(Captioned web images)
^^^^^^^^^^^^^^^^
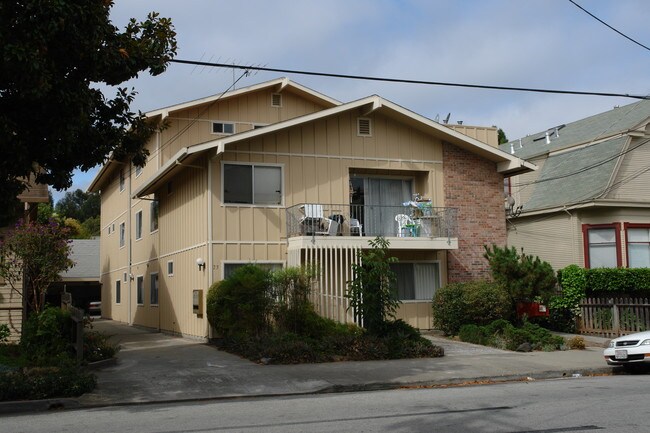 25 Lorton Ave in San Mateo, CA - Foto de edificio - Building Photo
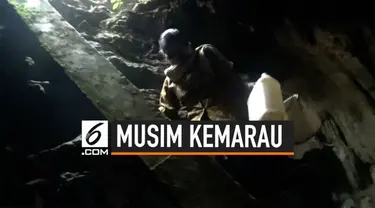 Sejak musim kemarau tiba, sejumlah warga di Dusun Sawahan Kulon, Desa Klepu, Kecamatan Donorojo, Kabupaten Pacitan harus berjalan kaki menyusuri jalan setapak di pinggir hutan untuk bisa mengambil air bersih di dalam gua vertikal.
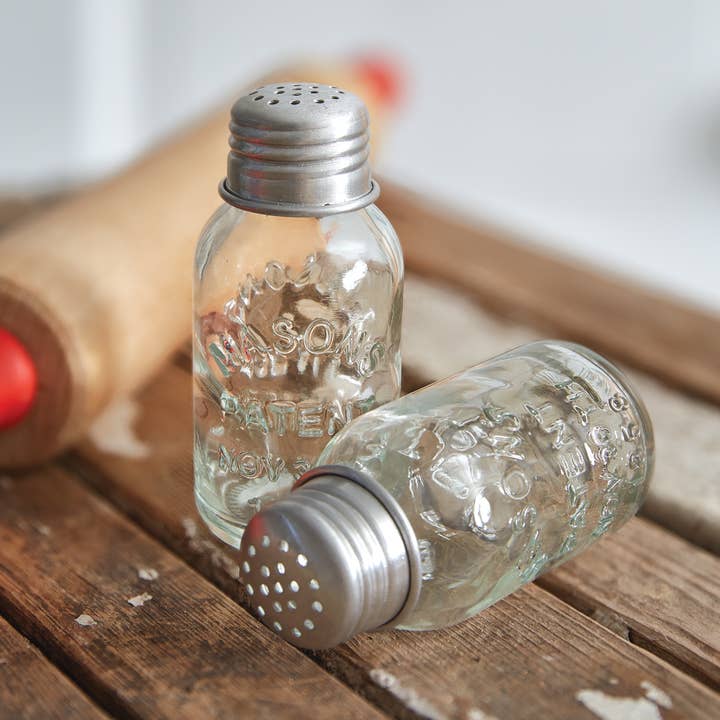 CTW Home Collection - Wholesale Salt & Pepper Shaker Set - Mini Mason Jar Salt Shakers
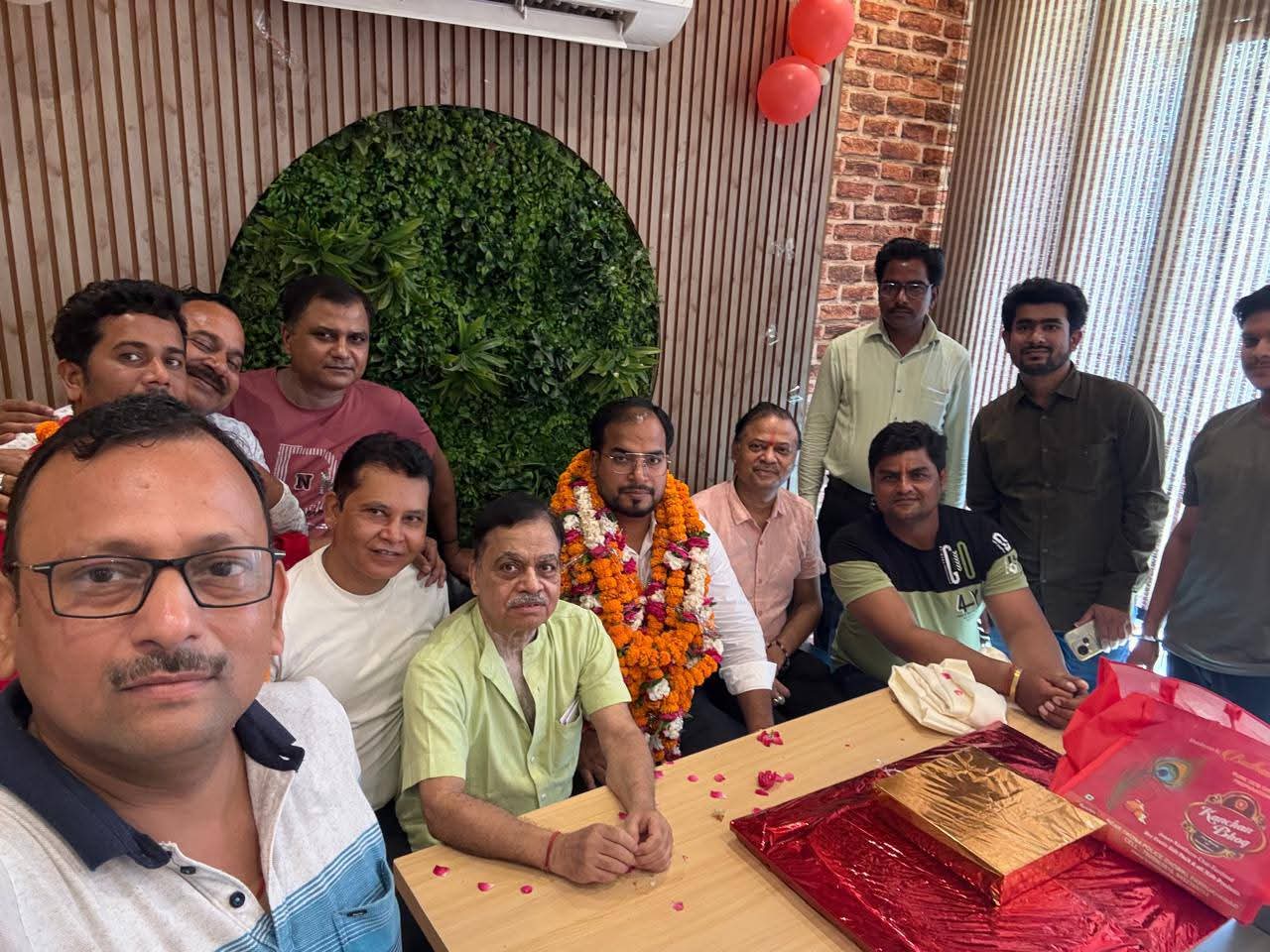फर्रूखाबाद:केमिस्ट एंड ड्रगिस्ट वेलफेयर एसोसिएशन द्वारा रजत कुमार पाण्डेय (ड्रग इंस्पेक्टर) का विदाई समारोह सम्पन्न।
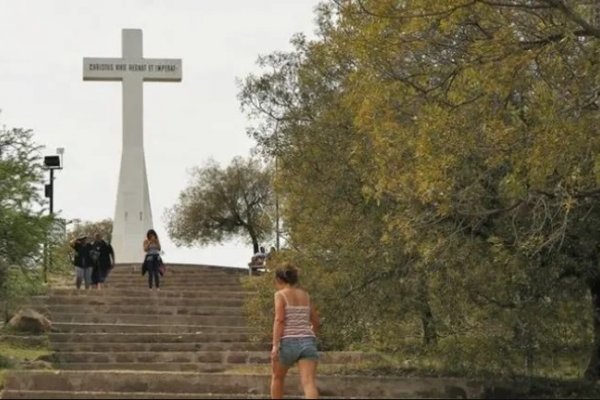 Una nena de 12 años está en coma luego descompensarse y caerse en el Cerro de la Cruz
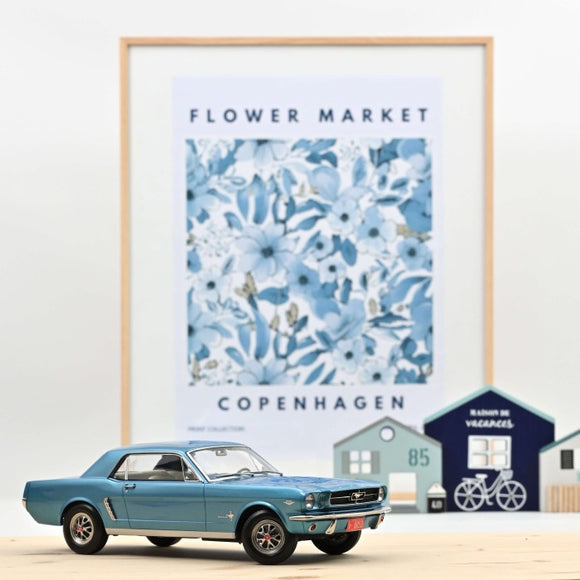 Norev 182800 Ford Mustang Coupe 1965 Twilight Turquoise metallic 1:18 – Sealed
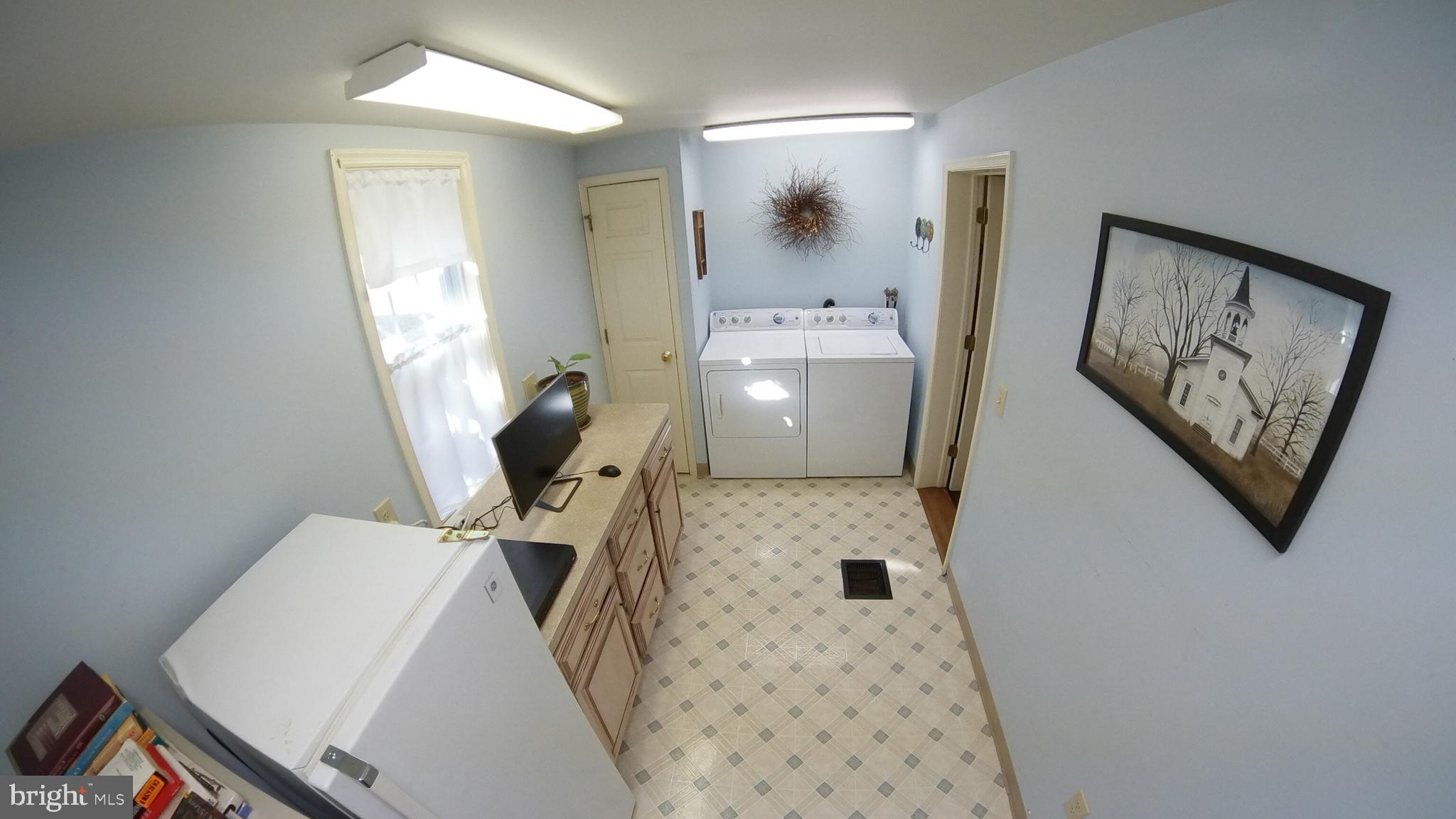 KLEINFELTERSVILLE - Residential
^^^^^^^^^^^^^^^^
- **What you have to do**:
Print out the records in full and exactly, dropping every picture.

- **The answer**:
 25 Lorton Ave in San Mateo, CA - Foto de edificio - Building Photo
 Sejak musim kemarau tiba, sejumlah warga di Dusun Sawahan Kulon, Desa Klepu, Kecamatan Donorojo, Kabupaten Pacitan harus berjalan kaki menyusuri jalan setapak di pinggir hutan untuk bisa mengambil air bersih di dalam gua vertikal.
 CTW Home Collection - Wholesale Salt & Pepper Shaker Set - Mini Mason Jar Salt Shakers
फर्रूखाबाद:केमिस्ट एंड ड्रगिस्ट वेलफेयर एसोसिएशन द्वारा रजत कुमार पाण्डेय (ड्रग इंस्पेक्टर) का विदाई समारोह सम्पन्न।
 Una nena de 12 años está en coma luego descompensarse y caerse en el Cerro de la Cruz
 Norev 182800 Ford Mustang Coupe 1965 Twilight Turquoise metallic 1:18 – Sealed
 KLEINFELTERSVILLE - Residential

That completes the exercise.